Load subjects with a DataLoader

Use SubjectsLoader to iterate over batches of subjects during training. It wraps PyTorch's DataLoader and returns SubjectsBatch instances with stacked 5D tensors.

Basic usage

from torch.utils.data import Dataset
import torchio as tio


class MyDataset(Dataset):
    def __init__(self, paths):
        self.subjects = [
            tio.Subject(
                image=tio.ScalarImage(p / "image.nii.gz"),
                seg=tio.LabelMap(p / "seg.nii.gz"),
            )
            for p in paths
        ]

    def __len__(self):
        return len(self.subjects)

    def __getitem__(self, idx):
        return self.subjects[idx]


dataset = MyDataset(paths)
loader = tio.SubjectsLoader(dataset, batch_size=4, num_workers=4)

for batch in loader:
    images = batch.image.data   # (4, 1, H, W, D)
    segs = batch.seg.data       # (4, 1, H, W, D)
    # ... train your model

Accessing metadata in a batch

Metadata is stored as lists (one value per sample):

batch.metadata["age"]   # [42, 35, 60, 28]
batch.metadata["name"]  # ["sub_0", "sub_1", "sub_2", "sub_3"]

Unbatching

Split a batch back into individual subjects:

subjects = batch.unbatch()
for subject in subjects:
    print(subject.image.shape)  # (1, H, W, D)

Using a plain DataLoader

If you prefer not to use SubjectsLoader, pass collate_subjects as the collation function:

from torch.utils.data import DataLoader
import torchio as tio

loader = DataLoader(
    dataset,
    batch_size=4,
    collate_fn=tio.collate_subjects,
)

How it works

Each image's 4D tensor is stacked into a 5D ImagesBatch (B, C, I, J, K). Per-sample affine matrices are stored as a list. Metadata is collected into lists.

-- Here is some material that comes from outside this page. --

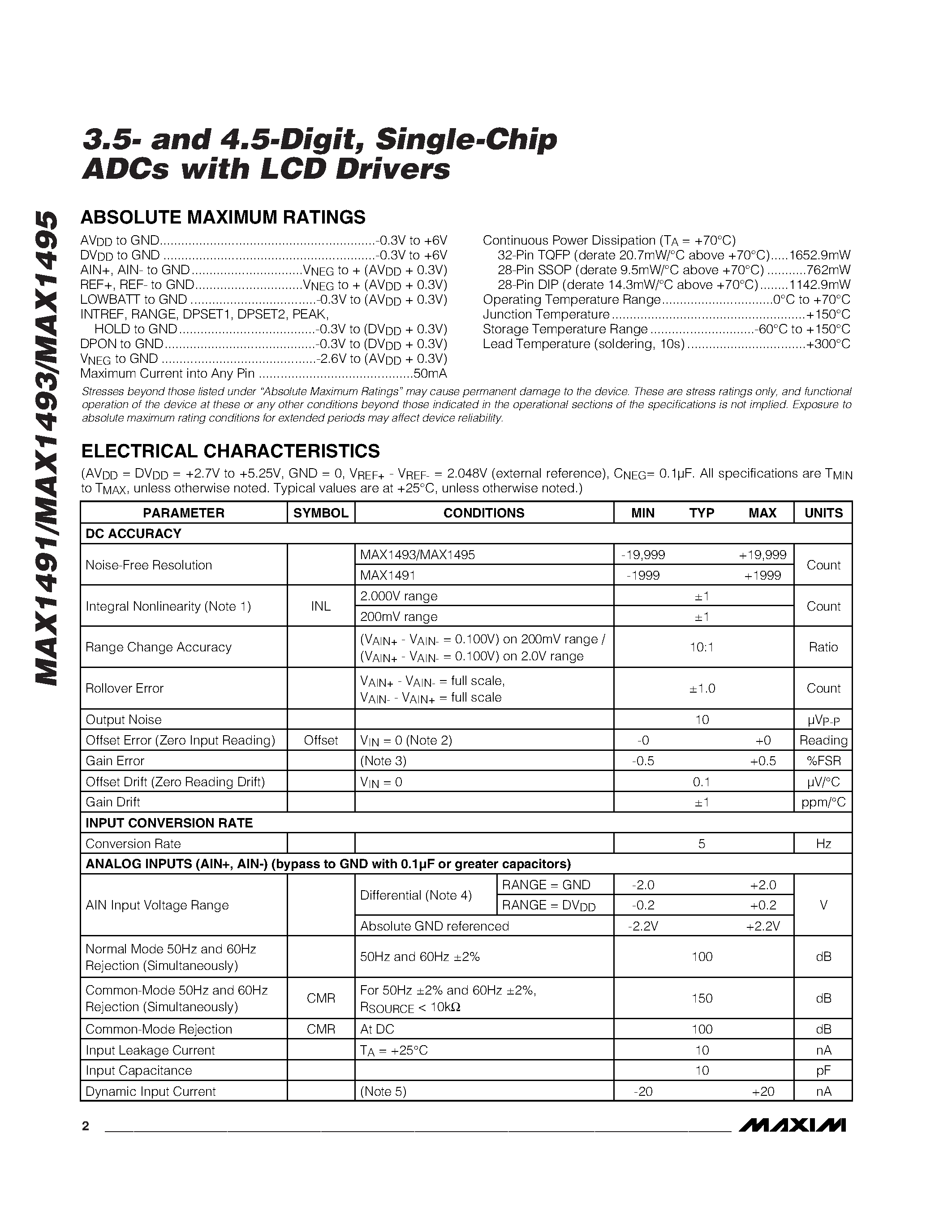 Даташит MAX1491 - 3.5- and 4.5-Digit / Single-Chip ADCs with LCD Drivers страница 2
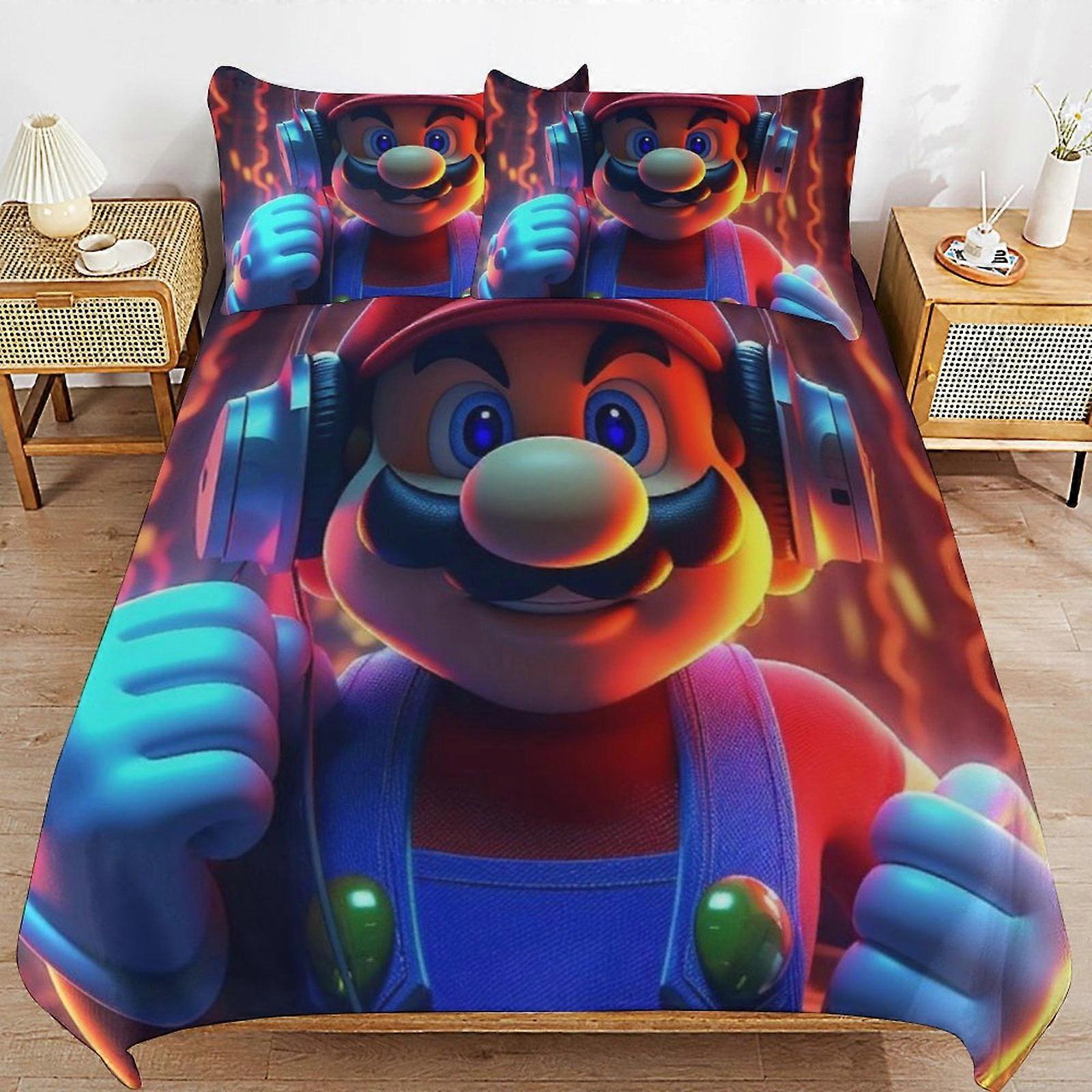 Bedding set JP211 Super Mario 3-Piece Comforter,Super Mario Bedding Set, Soft Microfiber Duvet Cover Set with Zipper Closure TH211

Applying transforms to batches

Transforms work directly on SubjectsBatch. Parameters are sampled once and applied identically to all samples:

batch = next(iter(loader))
augmented = tio.Flip(axes=(0,), p=0.5)(batch)
augmented.image.data.shape  # (4, 1, H, W, D)

Loading images without a Subject

If your dataset returns individual Image objects (not Subject), use ImagesLoader:

class SliceDataset(Dataset):
    def __init__(self, paths):
        self.images = [tio.ScalarImage(p) for p in paths]

    def __len__(self):
        return len(self.images)

    def __getitem__(self, idx):
        return self.images[idx]

loader = tio.ImagesLoader(SliceDataset(paths), batch_size=4)
batch = next(iter(loader))
batch.data.shape     # (4, 1, H, W, D)
batch.affines        # list of 4 AffineMatrix instances